:: WHAT THIS TASK INVOLVES ::
Extract word for word the lines of the listing from its start to the line holding "Aeropostale Midi Denim", both ends kept; pictures are not part of the copy.

:: SOURCE INFORMATION ::
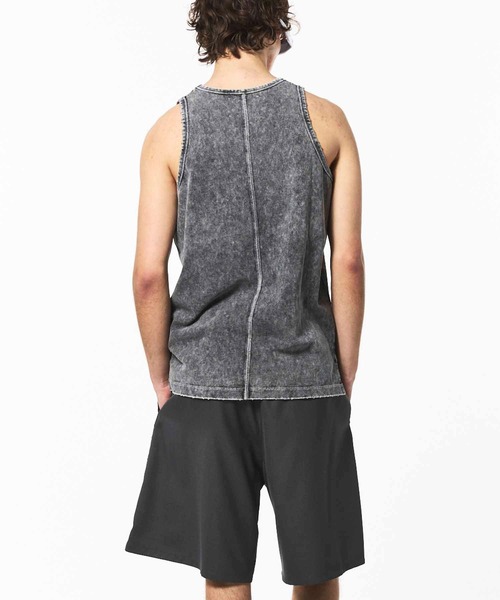 MAISON SPECIAL(メゾンスペシャル)の「《UNISEX》Chemical Over-Dye Fraise Layered Square Tank Top/ケミカルオーバーダイフライスレイヤードスクエアタンクトップ【MAISON SPECIAL/メゾンスペシャル】(タンクトップ・メンズ・ブラック/ホワイト・2/1)」の9枚目の写真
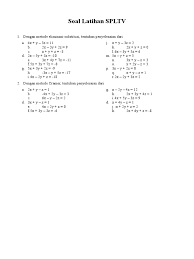 Kumpulan soal spltv kelas 10. Soal Latihan Spltv
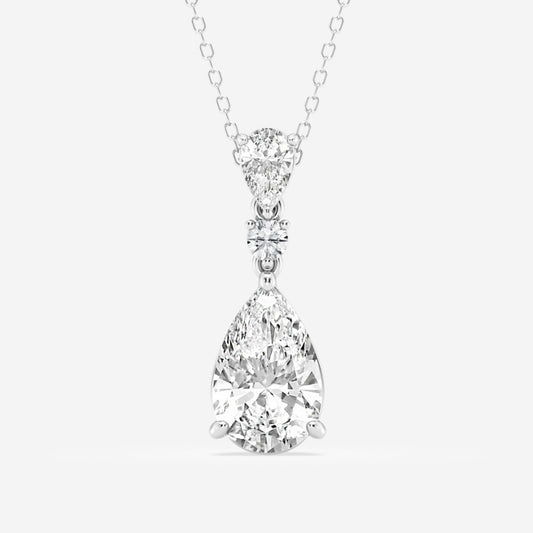 Lab Grown 2.60 CT Pear Cut Diamond Minimalist Necklace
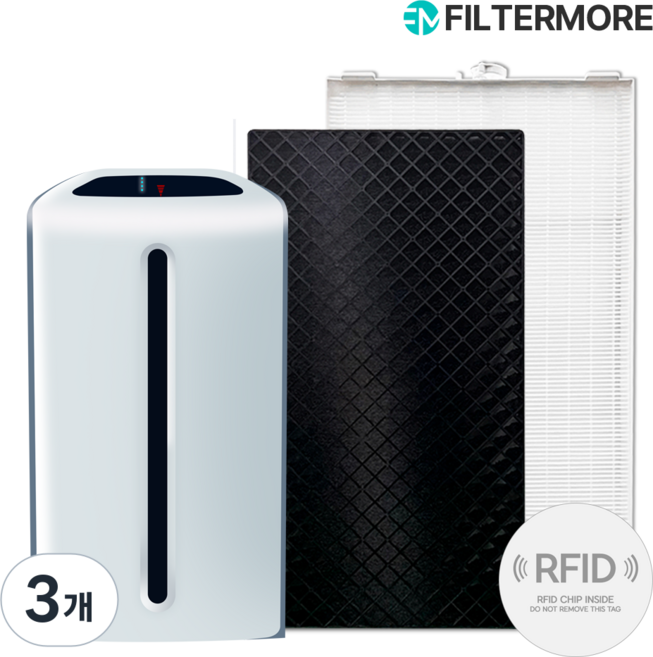 필터모아 암웨이 공기청정기 필터 엣모스피어 스카이 호환, 3개, 헤파필터+탈취필터 세트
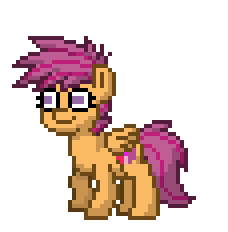 Size: 228x232 | Tagged: safe, artist:torpy-ponius, scootaloo, pegasus, pony, pony town, g4, animated, dancing, female, gif, simple background, smiling, solo, transparent background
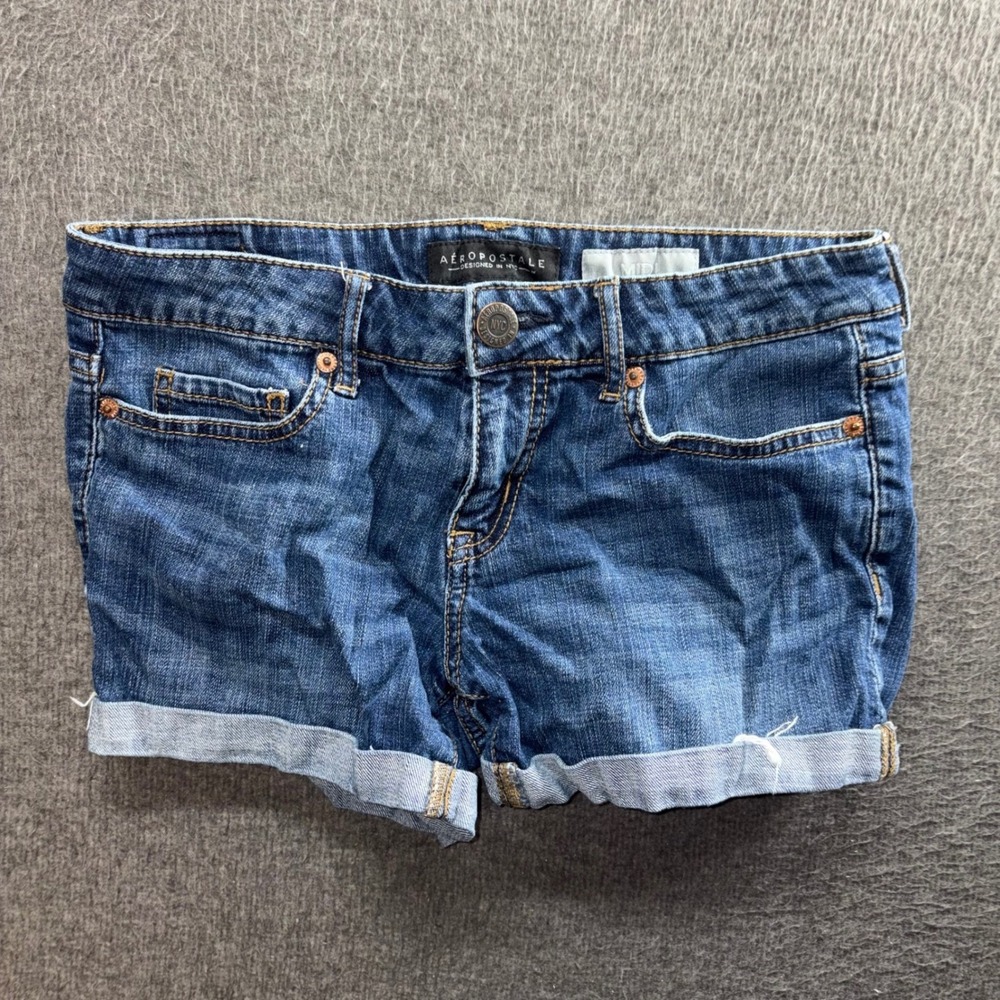 Aeropostale Midi Denim Shorts Womens 2 Medium Wash Cuffed Jean Shorts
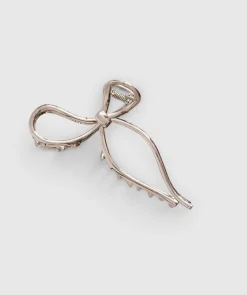 Bow Hair Clip - Silver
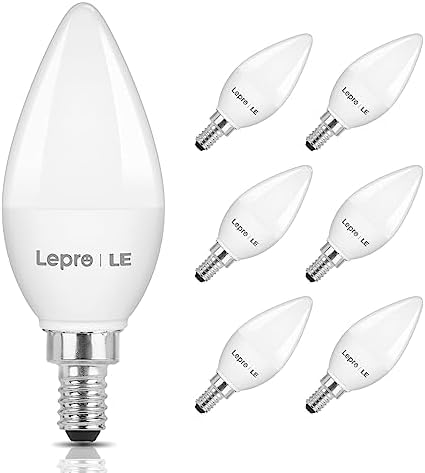 Lepro E12 LED Candelabra Light Bulbs, 5.5 watt, 40 watt Equivalent C37 B11 Ceiling Fan Bulb Chandelier Bulbs, 2700 Kelvin Warm White Type B Small Base Candle Lights, Frosted Plastic Shell, 6-Pack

:: RESPONSE ::
 MAISON SPECIAL(メゾンスペシャル)の「《UNISEX》Chemical Over-Dye Fraise Layered Square Tank Top/ケミカルオーバーダイフライスレイヤードスクエアタンクトップ【MAISON SPECIAL/メゾンスペシャル】(タンクトップ・メンズ・ブラック/ホワイト・2/1)」の9枚目の写真
 Kumpulan soal spltv kelas 10. Soal Latihan Spltv
 Lab Grown 2.60 CT Pear Cut Diamond Minimalist Necklace
 필터모아 암웨이 공기청정기 필터 엣모스피어 스카이 호환, 3개, 헤파필터+탈취필터 세트
 Size: 228x232 | Tagged: safe, artist:torpy-ponius, scootaloo, pegasus, pony, pony town, g4, animated, dancing, female, gif, simple background, smiling, solo, transparent background
 Aeropostale Midi Denim Shorts Womens 2 Medium Wash Cuffed Jean Shorts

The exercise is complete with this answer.